Abstract

Abstract Intervention and workover operations can significantly impact the structural integrity of the subsea wellhead system with regard to its fatigue life. The increasing frequency of these operations has called for a renewed focus on the fatigue capacity of subsea wells, which has greatly improved the overall methodology employed for wellhead fatigue analysis during the life cycle of the well. However, thermal effects along the well have yet to be incorporated. This paper addresses this issue by analyzing the wellhead fatigue damage during a workover operation considering the thermal effects. Injecting cold fluids in previously producing wells will cause the temperatures along the well to shift from a steady profile to a transient one, resulting in lower temperatures along the well throughout the workover operation.
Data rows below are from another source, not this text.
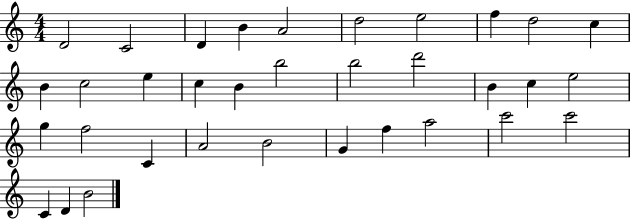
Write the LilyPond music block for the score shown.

{
  \clef treble
  \numericTimeSignature
  \time 4/4
  \key c \major
  d'2 c'2 | d'4 b'4 a'2 | d''2 e''2 | f''4 d''2 c''4 | \break b'4 c''2 e''4 | c''4 b'4 b''2 | b''2 d'''2 | b'4 c''4 e''2 | \break g''4 f''2 c'4 | a'2 b'2 | g'4 f''4 a''2 | c'''2 c'''2 | \break c'4 d'4 b'2 | \bar "|."
}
In this work, this effect has been incorporated into the wellhead fatigue analysis method issued by DNV by determining the temperature along casing strings, cement layers, annuli and tubing. Further, these temperature profiles are input into a 3-D finite element model of the wellhead system. Numerical simulations were performed for different temperature profiles, corresponding to distinct moments during the workover operation. Resulting load-to-stress curves of fatigue hotspots were combined with external load time histories to estimate fatigue damage rates. Stresses at wellhead fatigue hotspots seem to be influenced by the way in which contact forces are shared between the different structural components of the wellhead, particularly by the surface housing and the conductor housing. It was observed that the response of the tubular string inside the well towards variations of their temperature profiles, and top of cement (TOC), may cause the estimates of fatigue damage rates to change. Results indicate that the impact of thermal-related loads on the assessment fatigue damage rates is very dependent on the surface casing top of cement, being highest as the TOC approaches the mudline level. Notwithstanding the large body of research on wellhead fatigue, thermal loading and its effects on fatigue damage rates have yet to be thoroughly investigated. By incorporating the cooling of the well during intervention operations into the fatigue analysis it was possible to assess more realistically the fatigue damage of the wellhead and obtain reduced fatigue rates for some wellhead configurations.